Goal of the exercise: Everything in the listing below needs restating exactly, apart from the pictures.

Given material:
=== Section Start ===

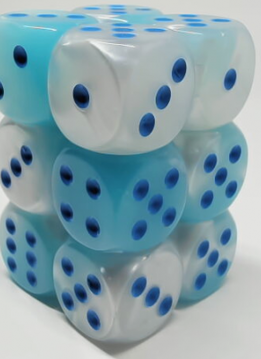 26665: 12d6 Gemini Perlé Sarcelle-Blanc avec points bleus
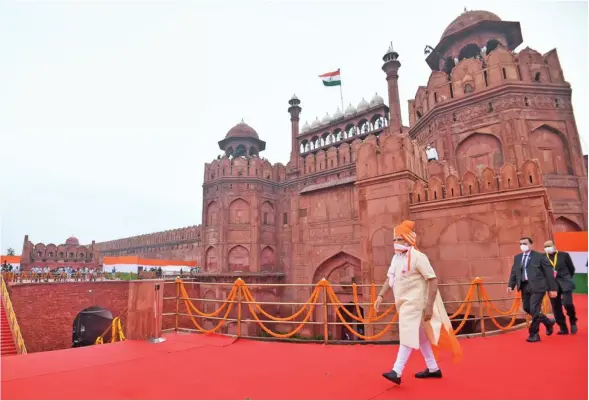  ?? Photo: Narendra Modi tweeter ?? India’s Prime Minister Narendra Modi ready to address the public during India’s Independen­ce Day celebratio­n.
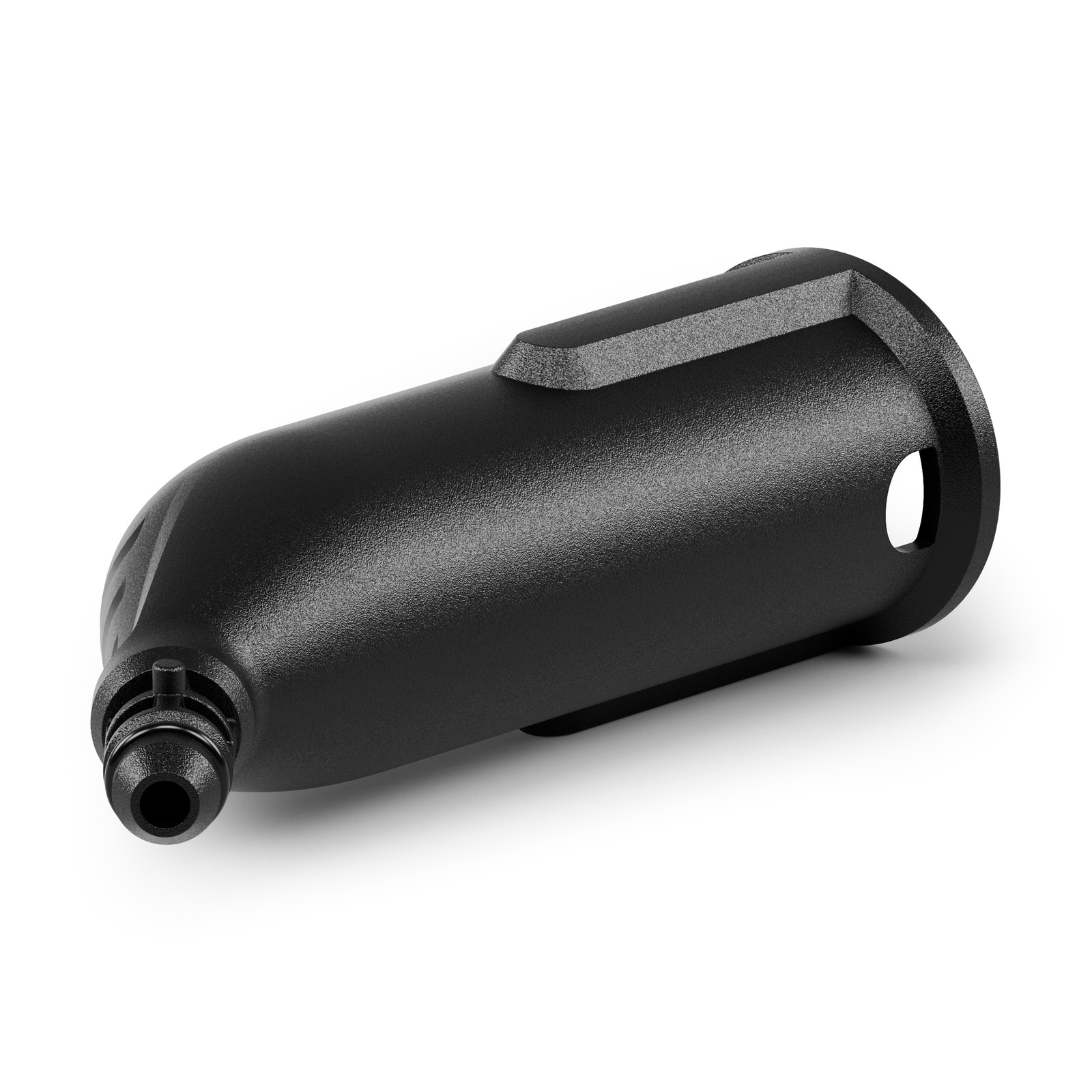 Black Kärcher spray nozzle attachment, cylindrical shape with a tapered end, isolated on a white background. Black Kärcher spray nozzle attachment, cylindrical shape with a tapered end, isolated on a white background.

=== Section End ===

Solution for this problem:
 26665: 12d6 Gemini Perlé Sarcelle-Blanc avec points bleus
  ?? Photo: Narendra Modi tweeter ?? India’s Prime Minister Narendra Modi ready to address the public during India’s Independen­ce Day celebratio­n.
 Black Kärcher spray nozzle attachment, cylindrical shape with a tapered end, isolated on a white background. Black Kärcher spray nozzle attachment, cylindrical shape with a tapered end, isolated on a white background.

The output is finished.